- [TASK TO CARRY OUT]: Please retype every record below exactly, leaving the pictures out.

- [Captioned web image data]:
----------------------------------------

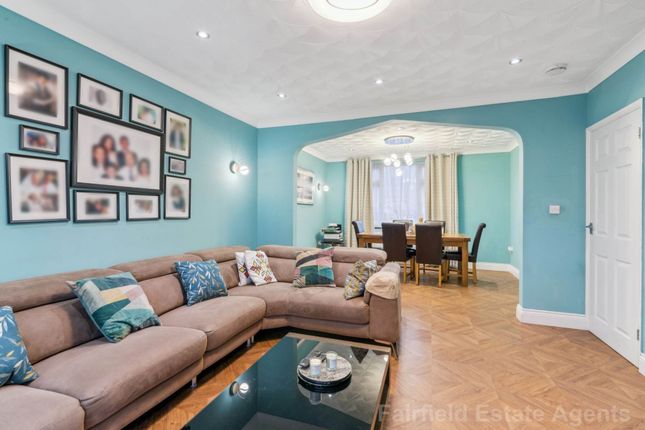348 Prestwick Road, Watford photo 2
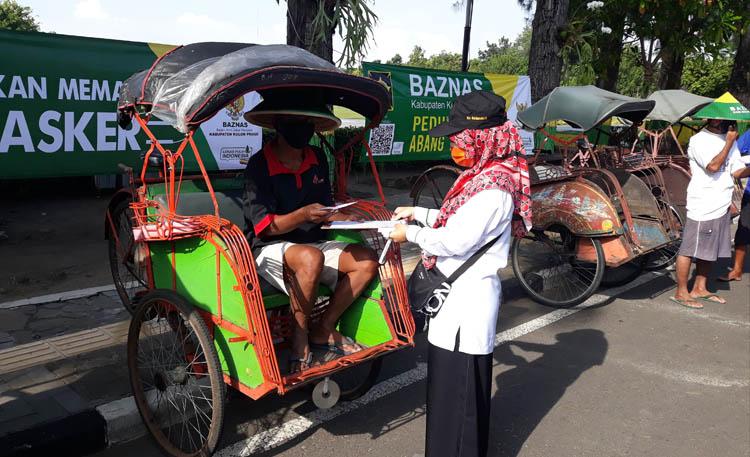 title Baznas Kulonprogo Salurkan Zakat kepada Tukang Becak Baznas Kulonprogo Salurkan Zakat kepada Tukang Becak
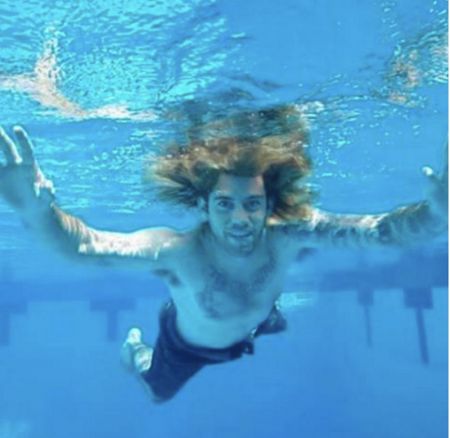 Elden recreated the iconic shot, this time with swim trunks on.
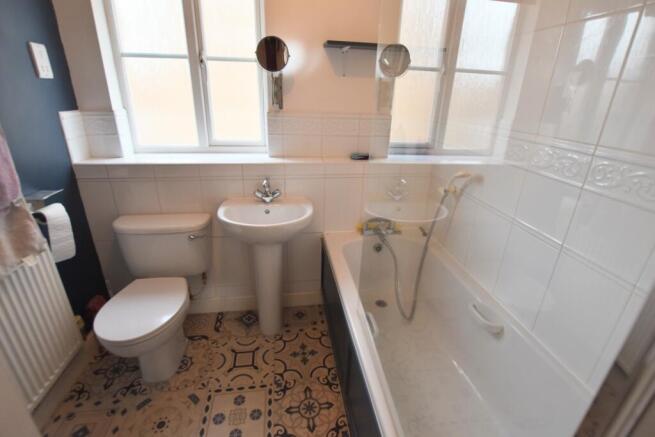24 Blanchland Circle bathroom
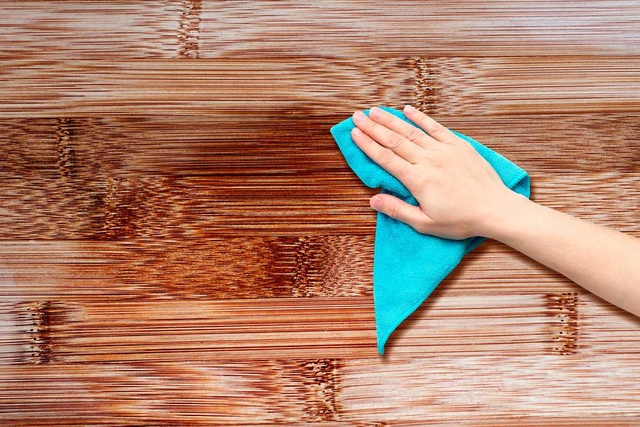 tẩy sơn tường trên nền nhà gỗ bằng nước nóng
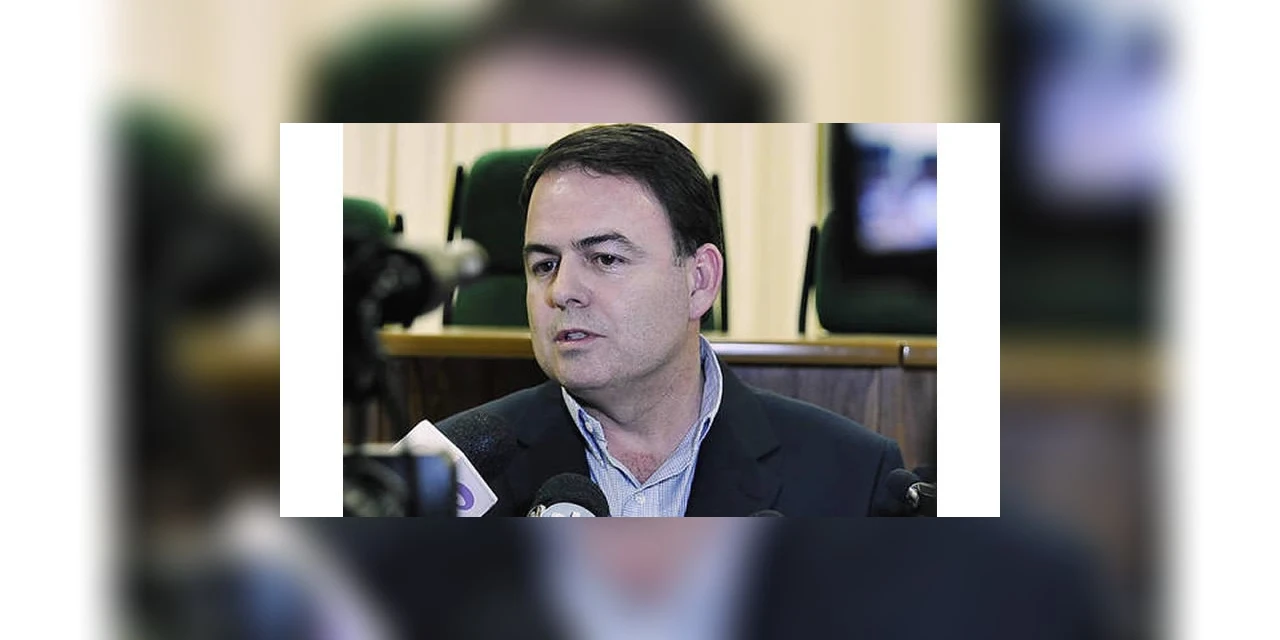 Justiça denuncia ex-diretor geral do DER-PR e empresário de Curitiba por corrupção passiva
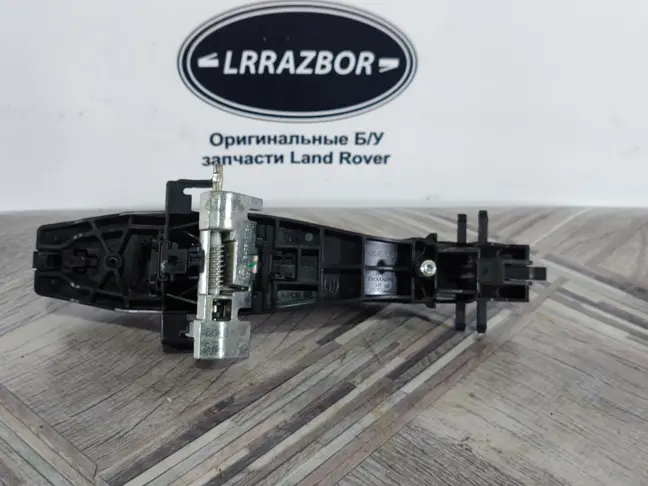 Ручка двери задняя правая DISCOVERY 3 L319 05-09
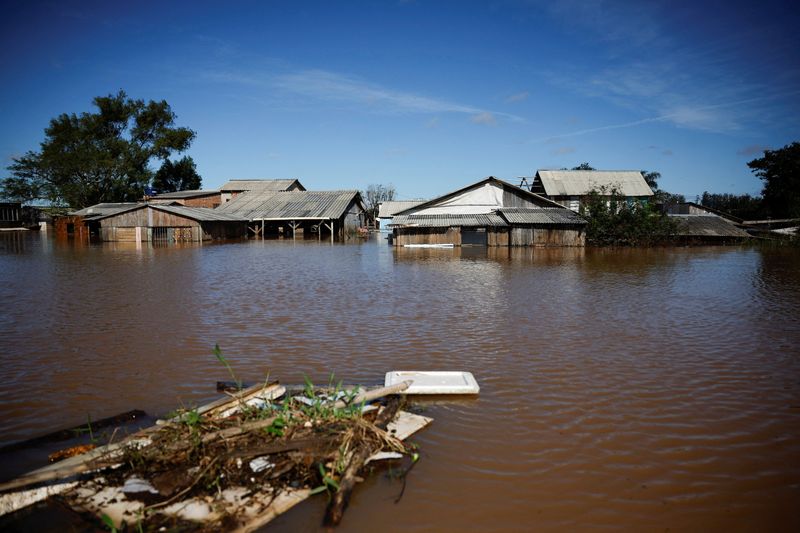 Brazil flooding will take weeks to subside, experts warn | Salem News ...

----------------------------------------

- [EXERCISE ANSWER]:
348 Prestwick Road, Watford photo 2
 title Baznas Kulonprogo Salurkan Zakat kepada Tukang Becak Baznas Kulonprogo Salurkan Zakat kepada Tukang Becak
 Elden recreated the iconic shot, this time with swim trunks on.
24 Blanchland Circle bathroom
 tẩy sơn tường trên nền nhà gỗ bằng nước nóng
 Justiça denuncia ex-diretor geral do DER-PR e empresário de Curitiba por corrupção passiva
 Ручка двери задняя правая DISCOVERY 3 L319 05-09
 Brazil flooding will take weeks to subside, experts warn | Salem News ...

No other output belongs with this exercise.